Rédigé par : Pierre Desrochers | 01 novembre 2010 à 17h16
Un autre très belle analyse!
Merci!
"Panda diplomacy"
=
"Le 19 juillet 64 éclata le grand incendie de Rome. Le feu débuta dans les boutiques des environs du Grand Cirque. Néron était alors en vacances dans sa ville natale, Antium, mais il dut revenir en toute hâte. L'incendie fit rage durant six jours. La rumeur circula que Néron aurait joué de la lyre et chanté, au sommet du Quirinal, pendant que la ville brûlait."
-Tacite, Ann. XV ; Suétone, Néron XXXVIII ; Dion Cassius, R.H. LXII
Rédigé par : Sébas | 01 novembre 2010 à 17h40
Mais enfin, j'ai vu les pandas au zoo de Chongqing, donc est-ce que cela est moins cher de payer un voyage à 500 personnes en Chine pour voir les pandas? Je blague, mais c'est cela est quand même proche de réalité!
Le problème avec le PC est malheureusement du fait que le parti va avec la logique qu'en achetant des clientèles, le parti se maintenir au pouvoir. Plus ça change, plus c'est pareil, le PLC fait la même chose, ça va quarante ans qu'ils font cette tactique! Et pour le NPD, faudrait en parler à Tarek Fatah qui a quitté ce parti et le PLC du fait que le parti essayait de faire la cour à des groupes religieux assez discutables. Or, bien que je crois à la liberté de croyance, la religion et l'état vont très mal ensemble!
Malheureusement, le problème vient que les gens veulent visiblement un parti qui est constant. Malheureusement et je sais que Martin va me dire que cela n'est pas vrai, c'est que l'espace idéologique partisan au Canada est pro propice à amener des situations comme en Grande-Bretagne. En fait, est-ce que le Realpolitik aurait été différent si un parti libéral classique ou bien un parti pro-décentralisation aurait eu 20 sièges à la Chambre des communes?
@Pierre-Yves:
Je dois dire que Ford est constant sur ce point.

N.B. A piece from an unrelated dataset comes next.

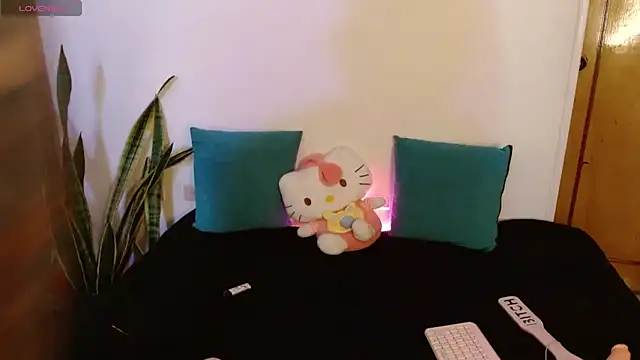 Snapshot of kittycatw chatting on 12.17.25 kittycatw online show from 12.17.25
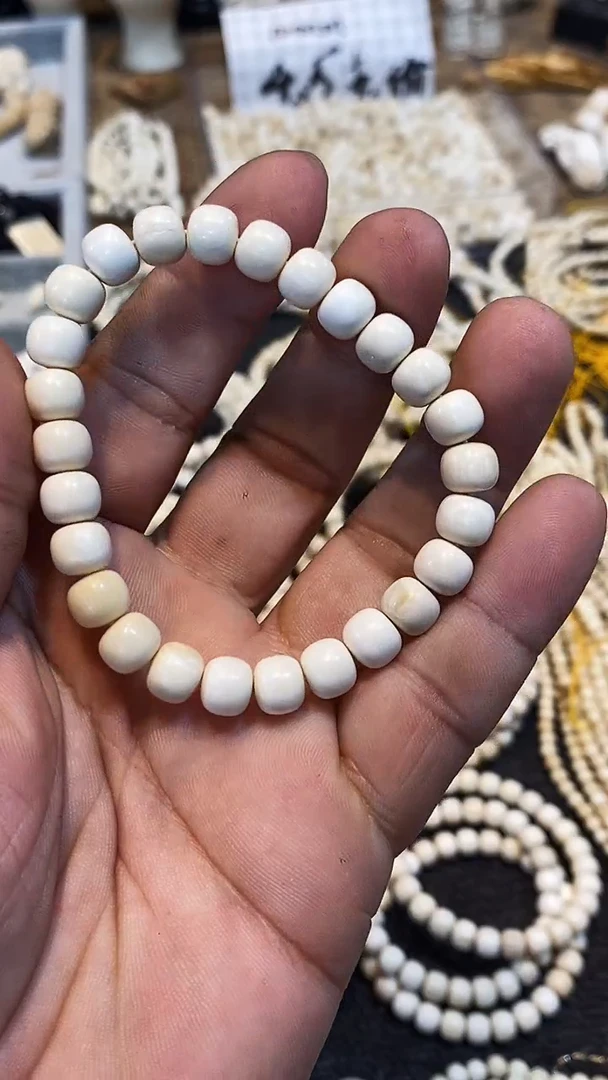 泥塑小把玩件摆件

Le plus ironique c'est que Mammoliti est un ancien néo-démocrate!
Rédigé par : Mathieu NV | 01 novembre 2010 à 18h42
Superbe billet!
Tout de même, je pense que Krol a raison dans son point, mais Martin Masse a soulevé avec justesse le point le plus scandaleux!

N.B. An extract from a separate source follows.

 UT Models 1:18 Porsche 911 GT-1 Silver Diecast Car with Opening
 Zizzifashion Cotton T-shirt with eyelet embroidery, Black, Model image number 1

Aussi bien garder Harper plutôt que d'avoir ce schizoïde de Prentice comme chef!
Je ne suis pas un grand amateur du maire Ford, mais là, il a bien raison. Heureusement! C'est rendu que les maires devront gérer le fédéral! ;)

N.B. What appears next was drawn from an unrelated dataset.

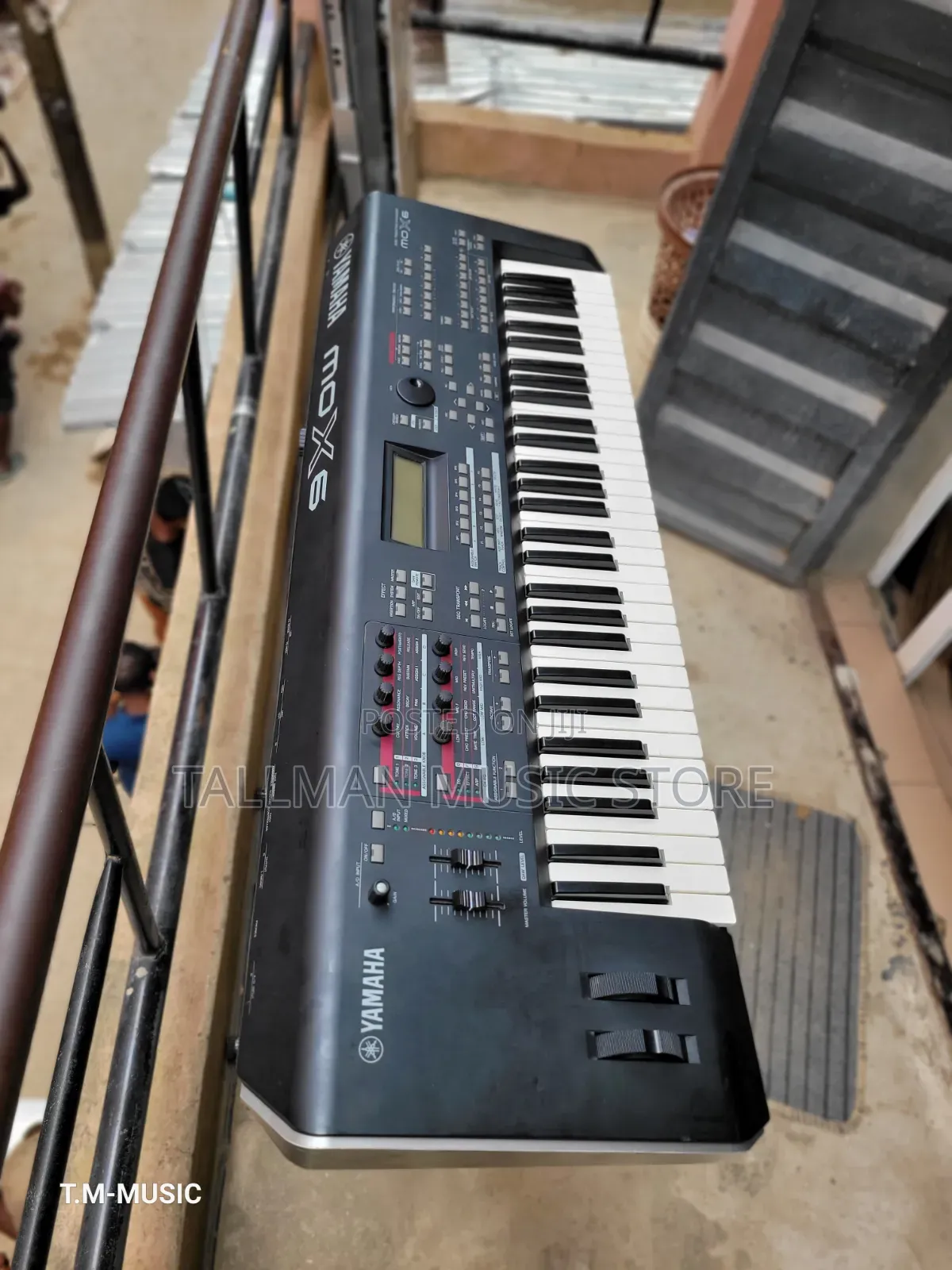 Yamaha Mox6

Rédigé par : David Gendron | 01 novembre 2010 à 20h09
@David Gendron:
"Je ne suis pas un grand amateur du maire Ford, mais là, il a bien raison. Heureusement! C'est rendu que les maires devront gérer le fédéral!"
Pas de problème avec ça: principe de subsidiarité. Prouvé dans de nombreuses municipalités et métropoles, ou par exemple les fusions n'ont jamais permis de sauver quelque argent que ce soit.
Rédigé par : Pierre-Yves | 02 novembre 2010 à 16h54
Entre l'obsession des pandémies et les risettes aux pandas, on peut dire que la nouvelle religion mondiale est le pandéisme...
Excusez-là, mais elle était vraiment trop facile !
Rédigé par : B. Vallée | 02 novembre 2010 à 18h17
Jim Prentice quitte la politique pour devenir vice-président à la CIBC
http://www.lesaffaires.com/secteurs-d-activite/services-financiers/jim-prentice-devient-vice-president-a-la-cibc/520210
Rédigé par : Hugo | 04 novembre 2010 à 15h23
@Hugo:
Probablement que son but premier était de remplacer Flaherty. Mais «Decifit» Flaherty reste encore.
Honnêtement, je crois qu'il a fait un Philippe Couillard tout en excluant pas un retour à la chefferie. Il voulait être le futur chef, mais il voit que d'autres personnes (Lord, Kenney, Moore ou même Bernier) ont des meilleures chances que lui de remplacer le PM actuel.